Collected data entries:
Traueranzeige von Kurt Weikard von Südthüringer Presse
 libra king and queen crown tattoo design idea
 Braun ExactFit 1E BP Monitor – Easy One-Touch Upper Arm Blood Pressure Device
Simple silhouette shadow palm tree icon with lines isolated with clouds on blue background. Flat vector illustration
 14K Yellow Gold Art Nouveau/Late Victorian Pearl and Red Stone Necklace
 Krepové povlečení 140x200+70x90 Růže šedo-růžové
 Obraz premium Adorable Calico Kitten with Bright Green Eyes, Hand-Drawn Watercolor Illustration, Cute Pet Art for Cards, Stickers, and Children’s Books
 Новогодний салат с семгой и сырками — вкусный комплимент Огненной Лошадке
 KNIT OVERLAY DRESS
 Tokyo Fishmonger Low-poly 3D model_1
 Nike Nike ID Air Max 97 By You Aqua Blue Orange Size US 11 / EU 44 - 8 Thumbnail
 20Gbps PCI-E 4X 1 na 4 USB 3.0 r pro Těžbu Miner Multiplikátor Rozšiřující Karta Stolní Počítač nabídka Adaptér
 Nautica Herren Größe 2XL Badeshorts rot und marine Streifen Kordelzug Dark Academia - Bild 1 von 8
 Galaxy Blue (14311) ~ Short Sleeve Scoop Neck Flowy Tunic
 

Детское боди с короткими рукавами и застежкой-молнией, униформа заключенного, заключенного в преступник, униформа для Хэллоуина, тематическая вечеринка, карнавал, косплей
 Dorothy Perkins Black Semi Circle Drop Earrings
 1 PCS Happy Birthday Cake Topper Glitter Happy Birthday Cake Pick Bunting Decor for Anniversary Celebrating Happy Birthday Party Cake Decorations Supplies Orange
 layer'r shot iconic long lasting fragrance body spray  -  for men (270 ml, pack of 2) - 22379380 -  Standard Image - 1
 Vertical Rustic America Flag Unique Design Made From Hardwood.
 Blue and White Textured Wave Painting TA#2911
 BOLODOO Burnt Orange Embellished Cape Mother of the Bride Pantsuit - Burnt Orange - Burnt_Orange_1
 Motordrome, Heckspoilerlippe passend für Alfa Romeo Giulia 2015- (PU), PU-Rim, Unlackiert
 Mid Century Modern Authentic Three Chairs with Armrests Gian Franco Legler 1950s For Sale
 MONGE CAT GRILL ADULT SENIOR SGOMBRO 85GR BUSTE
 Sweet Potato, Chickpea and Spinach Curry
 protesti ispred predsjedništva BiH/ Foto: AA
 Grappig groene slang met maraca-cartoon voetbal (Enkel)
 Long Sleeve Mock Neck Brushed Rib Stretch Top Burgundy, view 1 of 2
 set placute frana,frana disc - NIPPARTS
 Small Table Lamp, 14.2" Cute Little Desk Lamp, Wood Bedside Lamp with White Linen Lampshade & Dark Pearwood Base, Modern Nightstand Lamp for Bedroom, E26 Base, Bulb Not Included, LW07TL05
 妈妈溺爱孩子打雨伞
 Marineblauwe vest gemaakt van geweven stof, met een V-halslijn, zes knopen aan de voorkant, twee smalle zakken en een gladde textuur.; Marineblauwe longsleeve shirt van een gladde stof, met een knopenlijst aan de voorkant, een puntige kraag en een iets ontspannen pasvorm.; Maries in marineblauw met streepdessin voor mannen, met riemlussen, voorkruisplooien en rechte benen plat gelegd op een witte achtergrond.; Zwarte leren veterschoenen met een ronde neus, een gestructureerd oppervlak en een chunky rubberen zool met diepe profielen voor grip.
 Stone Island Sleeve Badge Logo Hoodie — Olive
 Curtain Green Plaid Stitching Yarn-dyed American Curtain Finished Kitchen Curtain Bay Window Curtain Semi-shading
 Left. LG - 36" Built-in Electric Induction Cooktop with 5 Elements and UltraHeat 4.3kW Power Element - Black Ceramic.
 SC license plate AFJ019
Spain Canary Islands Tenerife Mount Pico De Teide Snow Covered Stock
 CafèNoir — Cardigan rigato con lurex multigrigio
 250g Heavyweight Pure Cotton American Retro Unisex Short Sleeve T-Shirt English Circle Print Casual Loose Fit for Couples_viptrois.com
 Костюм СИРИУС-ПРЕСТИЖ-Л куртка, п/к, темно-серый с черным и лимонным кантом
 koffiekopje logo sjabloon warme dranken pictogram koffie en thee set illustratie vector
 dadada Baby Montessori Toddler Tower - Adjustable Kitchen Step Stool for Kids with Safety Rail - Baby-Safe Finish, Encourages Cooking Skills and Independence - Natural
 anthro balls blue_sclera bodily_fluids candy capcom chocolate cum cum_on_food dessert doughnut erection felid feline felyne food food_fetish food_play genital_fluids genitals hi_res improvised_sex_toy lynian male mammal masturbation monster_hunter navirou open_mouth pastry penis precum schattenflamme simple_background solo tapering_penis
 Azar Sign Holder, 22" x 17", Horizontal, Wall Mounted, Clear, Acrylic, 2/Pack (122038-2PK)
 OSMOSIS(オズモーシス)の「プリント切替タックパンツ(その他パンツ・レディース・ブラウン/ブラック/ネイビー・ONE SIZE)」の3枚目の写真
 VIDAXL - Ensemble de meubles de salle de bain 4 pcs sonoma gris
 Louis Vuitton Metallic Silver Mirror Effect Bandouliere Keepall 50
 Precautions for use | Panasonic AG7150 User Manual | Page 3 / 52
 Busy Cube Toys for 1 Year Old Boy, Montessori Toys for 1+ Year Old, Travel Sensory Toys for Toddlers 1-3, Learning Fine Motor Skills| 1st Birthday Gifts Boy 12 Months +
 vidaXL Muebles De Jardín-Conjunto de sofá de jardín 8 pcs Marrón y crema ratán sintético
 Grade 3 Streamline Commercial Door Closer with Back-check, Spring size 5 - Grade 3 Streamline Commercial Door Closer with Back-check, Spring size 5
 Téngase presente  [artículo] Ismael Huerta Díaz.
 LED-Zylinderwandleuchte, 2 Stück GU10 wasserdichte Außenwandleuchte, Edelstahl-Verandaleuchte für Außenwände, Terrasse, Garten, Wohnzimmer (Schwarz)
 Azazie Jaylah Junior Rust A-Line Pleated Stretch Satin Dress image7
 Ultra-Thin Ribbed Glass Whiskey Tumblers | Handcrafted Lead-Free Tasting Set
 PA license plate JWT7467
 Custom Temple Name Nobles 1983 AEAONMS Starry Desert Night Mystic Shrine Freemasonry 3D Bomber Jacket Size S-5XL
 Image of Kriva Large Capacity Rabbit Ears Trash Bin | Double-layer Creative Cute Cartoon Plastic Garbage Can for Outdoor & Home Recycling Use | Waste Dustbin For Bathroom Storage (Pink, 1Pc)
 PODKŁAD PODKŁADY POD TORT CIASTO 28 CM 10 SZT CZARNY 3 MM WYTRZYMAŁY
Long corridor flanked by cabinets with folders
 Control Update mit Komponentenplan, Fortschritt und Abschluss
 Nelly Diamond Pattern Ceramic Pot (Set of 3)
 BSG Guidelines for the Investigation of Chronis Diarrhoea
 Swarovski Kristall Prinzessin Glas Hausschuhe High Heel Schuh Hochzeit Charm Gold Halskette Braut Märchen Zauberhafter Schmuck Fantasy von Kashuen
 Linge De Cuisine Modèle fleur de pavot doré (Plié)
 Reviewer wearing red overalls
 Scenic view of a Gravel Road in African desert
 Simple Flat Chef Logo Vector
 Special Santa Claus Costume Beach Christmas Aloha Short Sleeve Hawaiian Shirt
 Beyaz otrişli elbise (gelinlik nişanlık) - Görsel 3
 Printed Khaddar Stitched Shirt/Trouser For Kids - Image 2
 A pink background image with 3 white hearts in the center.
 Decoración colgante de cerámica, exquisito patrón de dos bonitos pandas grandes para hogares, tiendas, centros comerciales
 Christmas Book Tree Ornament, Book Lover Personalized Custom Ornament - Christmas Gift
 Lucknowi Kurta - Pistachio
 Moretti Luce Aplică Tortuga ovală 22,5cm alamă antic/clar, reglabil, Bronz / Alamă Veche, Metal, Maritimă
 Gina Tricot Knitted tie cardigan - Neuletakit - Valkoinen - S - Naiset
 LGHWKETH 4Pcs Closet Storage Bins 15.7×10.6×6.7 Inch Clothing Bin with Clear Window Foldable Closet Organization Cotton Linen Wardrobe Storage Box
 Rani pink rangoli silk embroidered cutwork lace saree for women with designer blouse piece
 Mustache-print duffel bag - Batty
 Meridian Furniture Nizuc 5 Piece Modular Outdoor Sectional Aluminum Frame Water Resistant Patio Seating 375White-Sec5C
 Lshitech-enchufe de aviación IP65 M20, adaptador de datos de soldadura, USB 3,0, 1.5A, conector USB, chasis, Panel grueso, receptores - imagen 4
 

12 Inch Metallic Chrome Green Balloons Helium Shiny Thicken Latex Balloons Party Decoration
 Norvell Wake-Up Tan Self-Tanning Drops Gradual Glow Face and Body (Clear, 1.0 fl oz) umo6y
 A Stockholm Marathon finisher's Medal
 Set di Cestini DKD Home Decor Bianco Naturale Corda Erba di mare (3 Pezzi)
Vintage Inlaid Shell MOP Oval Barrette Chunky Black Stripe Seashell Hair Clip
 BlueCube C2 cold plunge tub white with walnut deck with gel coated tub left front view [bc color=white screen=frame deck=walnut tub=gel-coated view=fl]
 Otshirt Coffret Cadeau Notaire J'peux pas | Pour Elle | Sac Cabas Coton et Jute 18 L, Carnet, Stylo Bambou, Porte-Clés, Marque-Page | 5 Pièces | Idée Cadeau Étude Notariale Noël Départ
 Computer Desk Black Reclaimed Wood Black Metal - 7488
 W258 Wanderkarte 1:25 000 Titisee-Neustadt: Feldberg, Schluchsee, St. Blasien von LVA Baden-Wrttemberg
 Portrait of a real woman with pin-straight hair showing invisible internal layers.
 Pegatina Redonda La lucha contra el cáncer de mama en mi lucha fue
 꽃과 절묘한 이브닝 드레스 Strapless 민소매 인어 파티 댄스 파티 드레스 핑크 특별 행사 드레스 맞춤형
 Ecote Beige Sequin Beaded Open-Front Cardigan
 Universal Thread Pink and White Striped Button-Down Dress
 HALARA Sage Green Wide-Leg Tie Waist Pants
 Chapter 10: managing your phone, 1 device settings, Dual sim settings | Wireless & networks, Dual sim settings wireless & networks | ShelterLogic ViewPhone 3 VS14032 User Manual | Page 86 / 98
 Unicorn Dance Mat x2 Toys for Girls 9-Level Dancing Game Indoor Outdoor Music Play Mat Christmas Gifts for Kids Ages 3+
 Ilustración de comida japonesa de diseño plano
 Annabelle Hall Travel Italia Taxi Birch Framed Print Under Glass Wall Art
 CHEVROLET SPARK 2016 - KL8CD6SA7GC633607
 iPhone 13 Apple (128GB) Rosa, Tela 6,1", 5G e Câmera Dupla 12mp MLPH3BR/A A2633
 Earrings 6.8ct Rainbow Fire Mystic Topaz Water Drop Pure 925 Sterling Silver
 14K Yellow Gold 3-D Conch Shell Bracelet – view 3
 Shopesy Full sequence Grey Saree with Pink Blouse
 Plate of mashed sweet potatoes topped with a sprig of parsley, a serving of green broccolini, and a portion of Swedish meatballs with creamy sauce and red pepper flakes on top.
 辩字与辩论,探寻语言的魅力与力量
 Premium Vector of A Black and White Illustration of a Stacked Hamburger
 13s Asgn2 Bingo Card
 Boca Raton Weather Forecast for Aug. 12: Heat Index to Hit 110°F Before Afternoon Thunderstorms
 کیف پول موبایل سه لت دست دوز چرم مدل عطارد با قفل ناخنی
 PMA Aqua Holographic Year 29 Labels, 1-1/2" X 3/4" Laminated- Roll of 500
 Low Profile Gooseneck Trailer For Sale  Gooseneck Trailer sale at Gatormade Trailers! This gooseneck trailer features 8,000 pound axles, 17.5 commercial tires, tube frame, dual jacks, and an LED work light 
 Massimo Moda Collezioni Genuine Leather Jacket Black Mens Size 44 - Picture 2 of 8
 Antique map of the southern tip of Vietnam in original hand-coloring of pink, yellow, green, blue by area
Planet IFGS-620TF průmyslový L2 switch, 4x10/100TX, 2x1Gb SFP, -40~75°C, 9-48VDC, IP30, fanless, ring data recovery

Assignment.
Return a word-for-word copy of the lines above from the one holding "Dorothy Perkins Black" through the one holding "1 PCS Happy", with both of them included and nothing besides.

Reply.
 Dorothy Perkins Black Semi Circle Drop Earrings
 1 PCS Happy Birthday Cake Topper Glitter Happy Birthday Cake Pick Bunting Decor for Anniversary Celebrating Happy Birthday Party Cake Decorations Supplies Orange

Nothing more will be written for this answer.